Assemblyman Kevin A. Cahill (D- Ulster, Dutchess), an alumnus of SUNY New Paltz, expressed his support for the rally and shares the same view as those opposed to the proposal. Cahill mentioned that previous bills similar to PHEEIA, which he described as SUNY flex plans, have been rejected in the past.
“This plan would effectively end the SUNY system as we know it,” said Cahill. “I don’t think that’s something to
do to the greatest state university system in the world.”
Sen. John J. Bonacic (R-Mt. Hope) called the rally a good thing but had mixed feelings about PHEEIA. Bonacic said an important part of the bill was that it would prevent the Legislature from moving money and tuition increases from SUNY into the state’s general fund.
Conversely, Bonacic sided with students and faculty of New Paltz who oppose PHEEIA.

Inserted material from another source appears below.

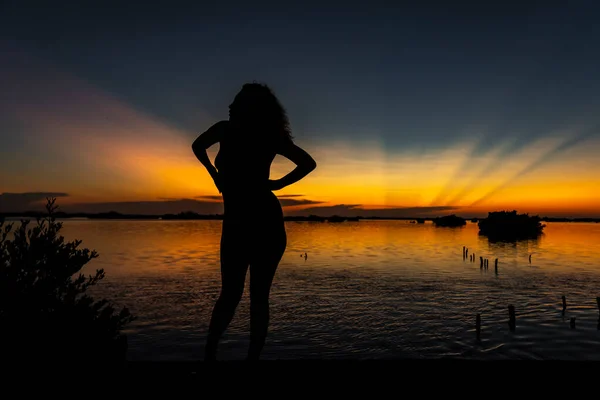 Beautiful Nude Latin Model Silhouetted She Poses Rising Sun Her — Stock Photo, Image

“I think fear of the board of trustees having sole control is a legitimate concern,” Bonacic said. “I think there should be safeguards to make sure students who cannot afford tuition receive proper access to higher education.”
Overall, both Bonacic and Cahill said PHEEIA would not pass in either the state Senate or the Assembly.
Peter D.G. Brown, vice president of academics for UUP, distinguished professor at SUNY New Paltz and an organizer of the rally, felt unsure of the situation.
“I’m not optimistic that we can stop further budget cuts, but I would say I’m cautiously optimistic that we can stop this empowerment act,” Brown said.